Adding Virtual Reality Training to Treadmill Workouts Cuts Parkinson’s Patients’ Falls, Study Shows
Adding obstacle-avoiding virtual reality training to treadmill workouts dramatically decreases Parkinson’s patients’ falls, even in later stages of the disease, a Tel Aviv University study shows.
The research, “Disparate effects of training on brain activation in Parkinson disease,” was published in the journal Neurology.
Parkinson’s causes the gradual loss of nerve cells. This leads to cognitive and movement impairment that reduces patients’ ability to walk and increases their risk of falling.
Patients in the study had fewer falls because the virtual program caused them to use a different brain pattern than they use in treadmill training alone, researchers said.
“In previous research, we showed that patients with Parkinson’s disease use cognitive function, which is reflected in activation of the pre-frontal cortex of the brain, to compensate for impaired motor function,” Professor Jeff Hausdorff, a Tel Aviv University medical professor, said in a press release.
“We also showed that a specific form of exercise targeting the cognitive control of gait — combined treadmill training with a Virtual Reality representation of obstacles in a path — leads to a significantly lower fall rate in Parkinson’s patients,” said Hausdorff, the lead author of the study.
“The virtual reality gait program, in which patients must avoid obstacles, enhances the patients’ cognitive performance and thus reduces the requirement for prefrontal brain activity,” he added.
Seventeen patients took part in the six-week study. One group did treadmill training, and the other treadmill work plus virtual reality training.
The treadmill training for both groups was an hour long three times a week. The virtual reality training consisted of a game to play in which patients could see their feet moving around the city or in a park. The game allowed them to learn how to avoid obstacles, how to plan ahead and how to multitask.

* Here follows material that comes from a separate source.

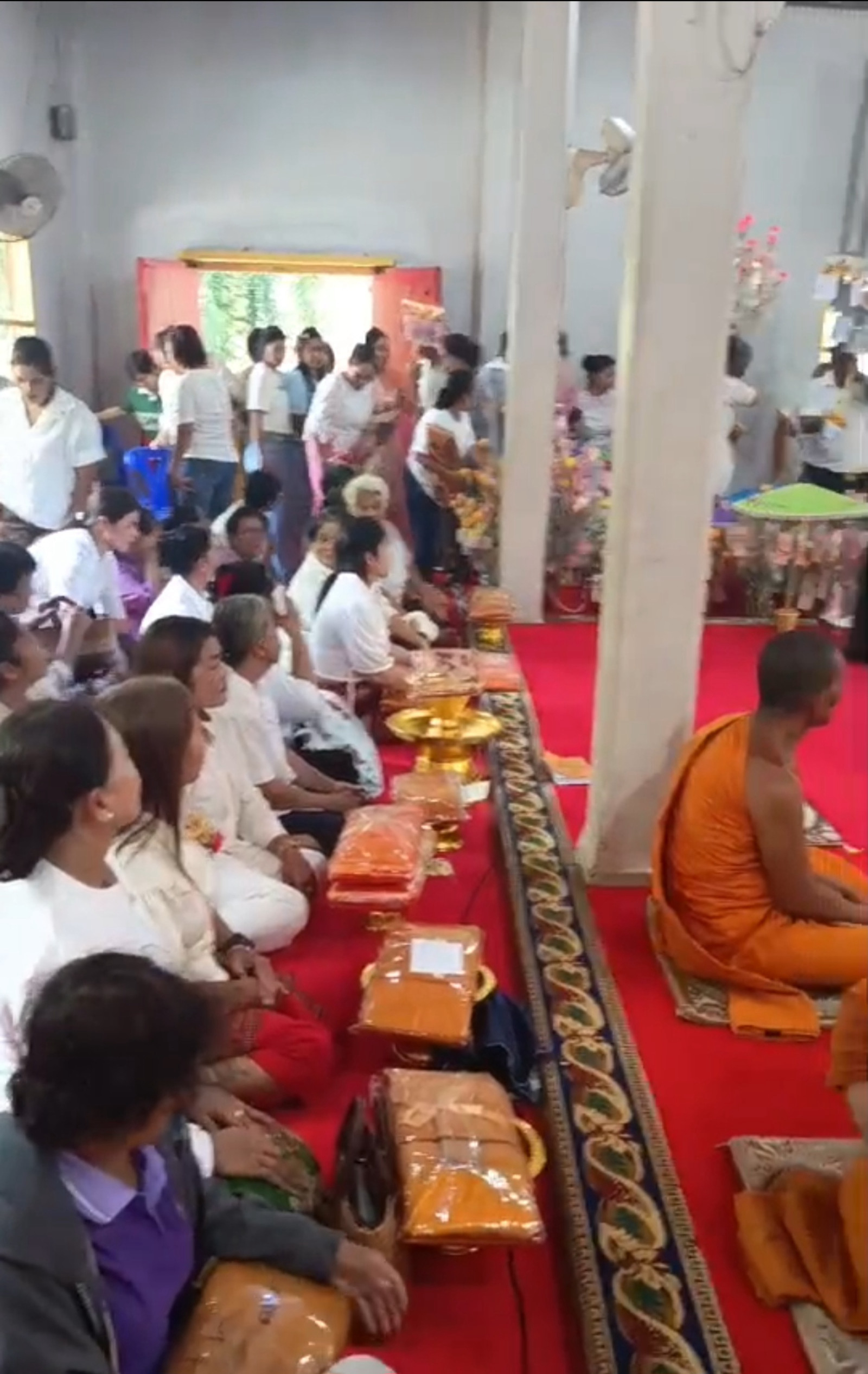 ภาพร่วมพิธีกรรมวัดเกษตราราม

Researchers used magnetic resonance imaging (MRI) to record patients’ brain activation patterns before and after the six weeks of training.
“The study’s findings reinforce the hypothesis that training improves motor [movement] and cognitive performance through improved neuroplasticity — more so than that seen with treadmill training alone,” Hausdorff said. Neuroplasticity is brain nerve cells’ ability to change connections and behavior in response to new information.
“Interestingly, the benefits of treadmill training with VR were specifically seen during walking conditions that require cognitive input” — negotiating obstacles and multitasking, Hausdorff said. These conditions are associated with falls, he said.
Patients who received VR training used fewer nerve cells to process information, the researchers discovered. In contrast, the team saw no change in nerve cell use among the patients who used a treadmill but did not have virtual reality training.
The difference in patients’ brain patterns during training led to fewer falls in the group with both treadmill and virtual realty components, researchers said.
“The takeaway here is that even relatively late in the disease, when 60-80 percent of dopaminergic neurons [nerve cells that use the neurotransmitter dopamine to communicate] have died, there is still an opportunity to promote plasticity in the brain,” Hausdorff said. “to induce specific brain changes, exercise should be personalized and targeted to a specific clinical [disease] problem,” he said.
Researchers said it was the first study to show how task-specific exercises affect Parkinson’s patients’ brains. The team said their findings underscore the importance of having both movement and cognitive components in Parkinson’s rehabilitation.